27 Mayıs 1960 darbesi sonrası cuntacılar, Diyanet İşleri Başkanlığını kontrol etmek için başkan yardımcılığına emekli bir asker getirerek, darbenin meşrÛ olduğu, halka Âyet ve hadislerle faziletlerinin anlatılması istendi.
27 Mayıs darbesinin ardından emekli Tuğgeneral Sadettin Evrin, Diyanet İşleri Başkan Yardımcılığı görevine getirilirken, müftülüklere gönderilen tamimlerde darbenin meşrû olduğunun halka anlatılması talep edildi. Başbakan Adnan Menderes ile bakanlar Fatin Rüştü Zorlu ve Hasan Polatkan’ın idam edildiği 27 Mayıs darbesinin üzerinden 59 yıl geçti.
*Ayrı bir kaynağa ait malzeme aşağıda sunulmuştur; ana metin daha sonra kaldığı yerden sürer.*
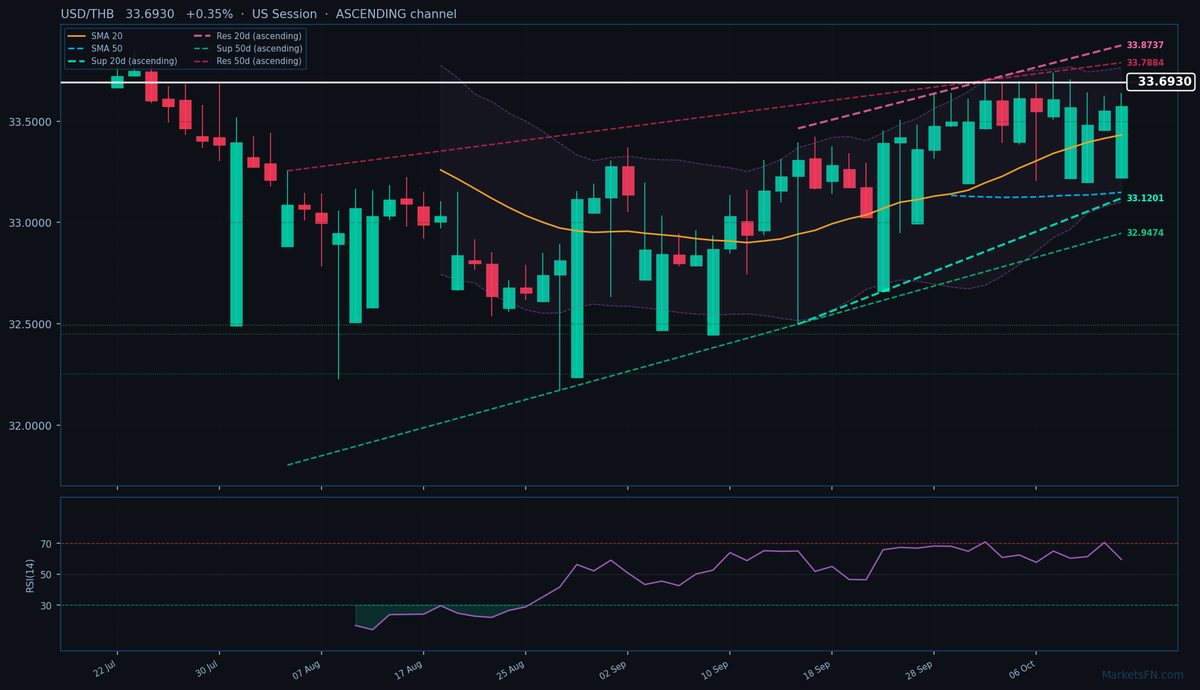 USD/THB: Up 0.35% to 33.6930 — Ascending Channel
Türk siyasî hayatında millî iradeye yönelik ilk askerî müdahale olan 27 Mayıs, demokrasiyi kesintiye uğratan darbeler zincirinin ilk halkası olarak toplumsal yapı üzerinde de derin yaralar açtı. 27 Mayıs sonrası darbecilerin müdahale ettiği kurumlardan birisi de Diyanet İşleri Başkanlığı oldu. Darbecilerin ilk yaptığı işlerden birisi de 10 yıl kadar başkanlık yapan Eyüp Sabri Hayırlıoğlu’nu baskıyla emekli etmek oldu. Arşiv belgeleri ve kaynaklardan derlenen bilgilere göre darbecilerin stratejik gördüğü Diyanet İşleri Başkan Yardımcılığı görevine emekli Tuğgeneral Sadettin Evrin getirildi. Devlet Arşivleri’nde yer alan belgeler, cuntacıların yönetiminde etkili oldukları Diyanet İşleri Başkanlığı üzerinden darbeyi meşrû gösterme çabasına girdiklerini gösteriyor.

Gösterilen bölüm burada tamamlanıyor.